**Exercise details**. In the listing that follows, the range to quote begins at the line that has "Corpo de Bombeiros" and ends after the line that has "Christiano Ronaldo dan"; quote it verbatim and add nothing.

**Material shown**.
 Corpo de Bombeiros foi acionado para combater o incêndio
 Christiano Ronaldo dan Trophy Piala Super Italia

* * *

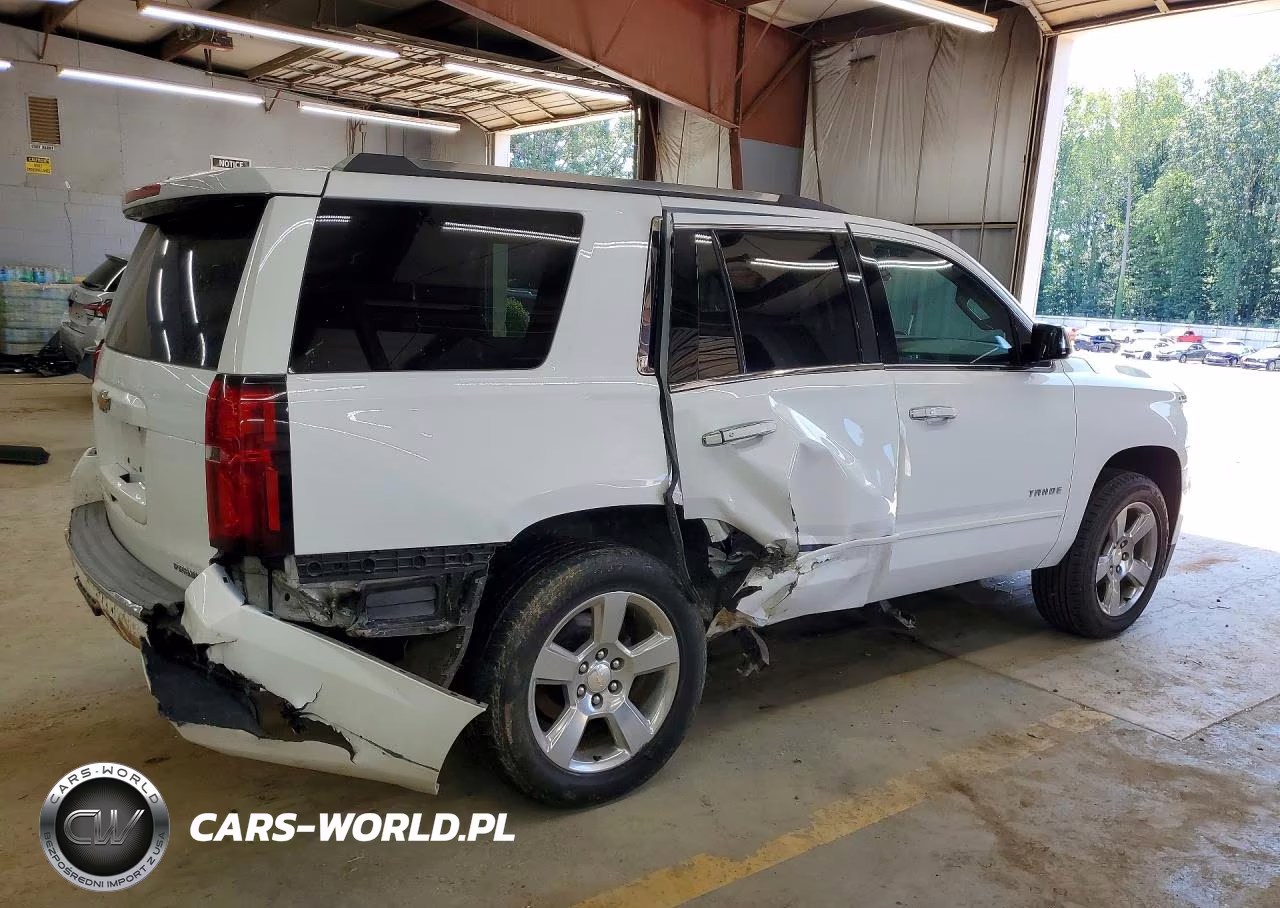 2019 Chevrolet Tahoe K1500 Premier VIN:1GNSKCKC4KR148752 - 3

**Answer space**.
 Corpo de Bombeiros foi acionado para combater o incêndio
 Christiano Ronaldo dan Trophy Piala Super Italia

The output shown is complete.